Patients and physicians should be aware, however, that oligohydramnios may not appear until after the fetus has sustained irreversible injury.
Closely observe infants with histories of in utero exposure to ramipril for hypotension, oliguria, and hyperkalemia.
Nursing Mothers
Ingestion of a single 10 mg oral dose of ramipril resulted in undetectable amounts of ramipril and its metabolites in breast milk.
However, because multiple doses may produce low milk concentrations that are not predictable from a single dose, do not use ramipril in nursing mothers.
Pediatric Use
Neonates with a history of in utero exposure to ramipril If oliguria or hypotension occurs, direct attention toward support of blood pressure and renal perfusion.
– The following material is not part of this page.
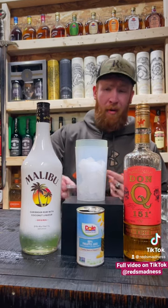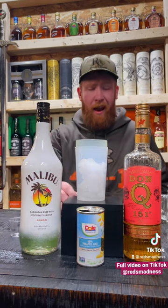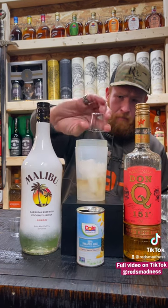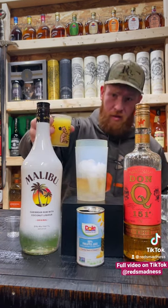First up, we're going to do an ounce of Malibu into the shaker. Next, 151 — an ounce of that into the shaker. And last, it's calling for four ounces of pineapple juice into the shaker.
Exchange transfusions or dialysis may be required as a means of reversing hypotension and/or substituting for disordered renal function.
Ramipril, which crosses the placenta, can theoretically be removed from the neonatal circulation by these means, but limited experience has not shown that such removal is central to the treatment of these infants.
Safety and effectiveness in pediatric patients have not been established.
Irreversible kidney damage has been observed in very young rats given a single dose of ramipril.
Geriatric Use
Of the total number of patients who received ramipril in U.S. clinical studies of ramipril, 11.0% were ≥65 years of age while 0.2% were ≥75 years of age.
No overall differences in effectiveness or safety were observed between these patients and younger patients, and other reported clinical experience has not identified differences in responses between the elderly and younger patients, but a greater sensitivity of some older individuals cannot be ruled out.
One pharmacokinetic study conducted in hospitalized elderly patients indicated that peak ramiprilat levels and area under the plasma concentration-time curve (AUC) for ramiprilat are higher in older patients.